A Tweet about the pre-Kona mailings spawned discussion of C++ modules and p1427. Questions were raised about who to trust regarding module toolability.
This discussion culminated in an eventual call for SG15 to “STFU” unless they can provide code samples that prove the problems they outline. This is a request for code that cannot be implemented in any current compiler and cannot be implemented in any current build system. Even if these were to exist, the request is for proving a negative: A task which cannot be done empirically. As such, this request for code is a goal that cannot be met.
The issues were not discussed. The issues were not disproven. No one even mentioned the problems outlined in p1427. We are told to simply trust some big names to know better than we do (an appeal to authority).
People backing the current modules design have not proven that modules work at scale, yet also demand proof from SG15 that they do not work at scale. Existing “modules” deployments do not use the current design, and do not use the automated module scanning that would be required for use with real build systems in the wild.
If modules are merged and it turns out that they cannot be implemented in a well-performing and flexible fashion, people will not use modules. If a broken modules proposal is merged into C++, it may be irrecoverable and C++ will never see the promises of modules realized.

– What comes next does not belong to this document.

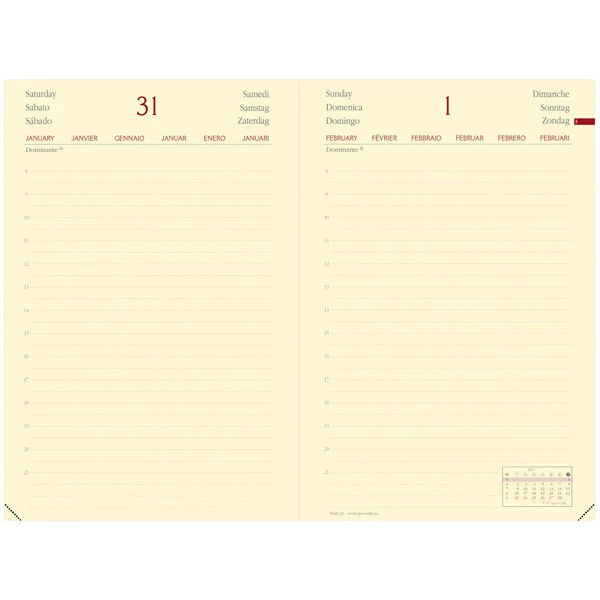 Agenda giornaliera - Daily 21 Prestige 2026 - 13 x 21 cm - copertina Silk - bordeaux - Quo Vadis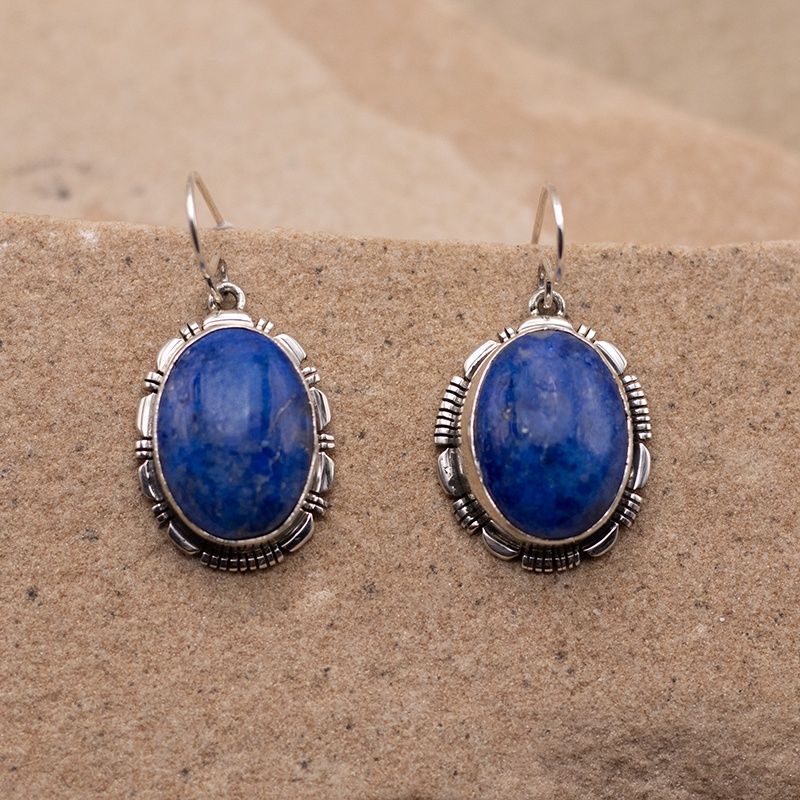 Denim Lapis Earrings with Sawcut Details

Is it possible for the current modules proposal to be implemented successfully? I can’t answer with a definitive “no”, but me and many others feel that there are significant issues that need to be addressed.
But, judging by the behavior of others, it may seem that it doesn’t matter what SG15 thinks: They are being shot down at every turn by people with very little experience in C++ tooling, and the SG15 chair is completely absent through this entire discussion. Anything SG15 does is declared “unsubstantiated” and “out-of-scope.”
I was afraid to call out this behavior: I’m not keen on interpersonal conflict. Nevertheless, I’m more afraid that C++ will end up with a permanently useless modules design.